Algorithm Can Predict Behavior of Unknown Molecules to Speed Up Discovery of New Medicine

A new algorithm could take mass spectrometry data from molecules and help predict the identity of unknown molecules and substances that arise from them

The new process was designed by researchers from the Computational Biology Department at Carnegie Mellon University in the US and the St. Petersburg University in Russia. Called "MolDiscovery," it could peg scientists early in their studies whether they have found something previously undiscovered or simply come across something already identified before.

Details of the new algorithm appear in the report "MolDiscovery: learning mass spectrometry fragmentation of small molecules," published in the latest Nature Communications.

ALSO READ : Acidity of Molecules Measured Using New Technique; Will Help Determine Substance's Chemical Behavior

Removing Unnecessary Downtime from Random Substances

In a news release from Carnegie Mellon, assistant professor Hosein Mohimani explains that scientists waste time from isolating molecules that have been previously discovered in a case he calls "essentially rediscovering penicillin." He adds that the capabilities of MolDiscovery to identify whether unknown molecules are actually something new could save researchers time, which equates to millions of dollars in an industrial setup. Mohimani also expressed hopes that the new algorithm could empower pharmaceuticals to better search for new natural products that could be used to create new medicine.

Mohimani's works in the CMU's Metabolomics and Metagenomics Lab focused on searching for new and naturally occurring drug substances. He adds that once a scientist dings a molecule that could potentially be a new drug, often mixed in water or soil-based samples, it still takes a year or more to identify the isolated molecule - without even the assurance that it is actually a new substance.

In the fields of medicine, physicians devote equally laborious periods of time to finding unknown molecules that might be new biomarkers in human samples - plasma, blood, urine, fecal samples - which could uniquely signal the presence of disease. WIth MolDiscovery speeding up the process, medical researchers can now find new biomarkers without having to waste time cross-referencing them with existing data collections.

How MolDiscovery Uses Mass Spectrometry Data

Mass spectrometry data refers to the measurement data taken from the mass-to-charge ratio of the molecules that are present in any given sample. This is often used to identify the molecular weight of the substances present in the substance. The mass spectrometry data for a specific substance serves as its "fingerprints," unique to itself. However, there remains no singular database to match each and every isolated sample against. MolDiscovery works around this limitation by predicting the identity of a molecule from the substance's mass spectrometry data, even in the absence of a mass spectra database.

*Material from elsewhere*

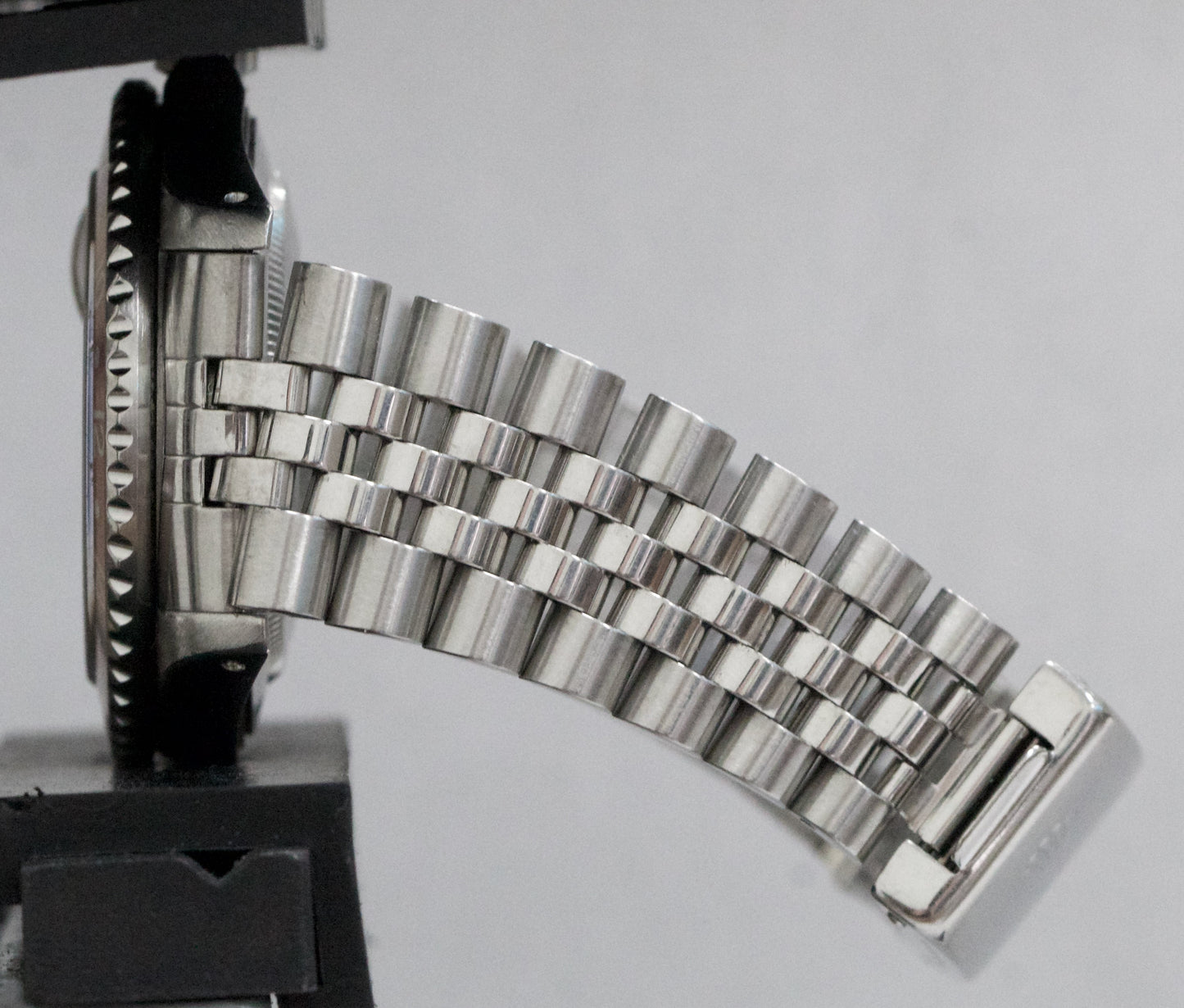 Rolex GMT-Master II 40mm PEPSI Red Blue Stainless Steel JUBILEE Date 16710 Watch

With this, researchers behind the development of MolDiscovery hope that their work could be useful in laboratories in the world. They also suggest the use of the new algorithm with the NRPminer, a machine learning platform also developed by Mohimani's lab with the intent of helping scientists isolate natural products. They've previously presented the capabilities and limitations of the NRPminer in the report "Integrating genomics and metabolomics for scalable non-ribosomal peptide discovery" in the May 2021 issue of Nature Communications. Like MolDdiscovery, it also uses mass spectrometry data but is currently geared toward the identification of Non-Ribosomal Peptides (NPR).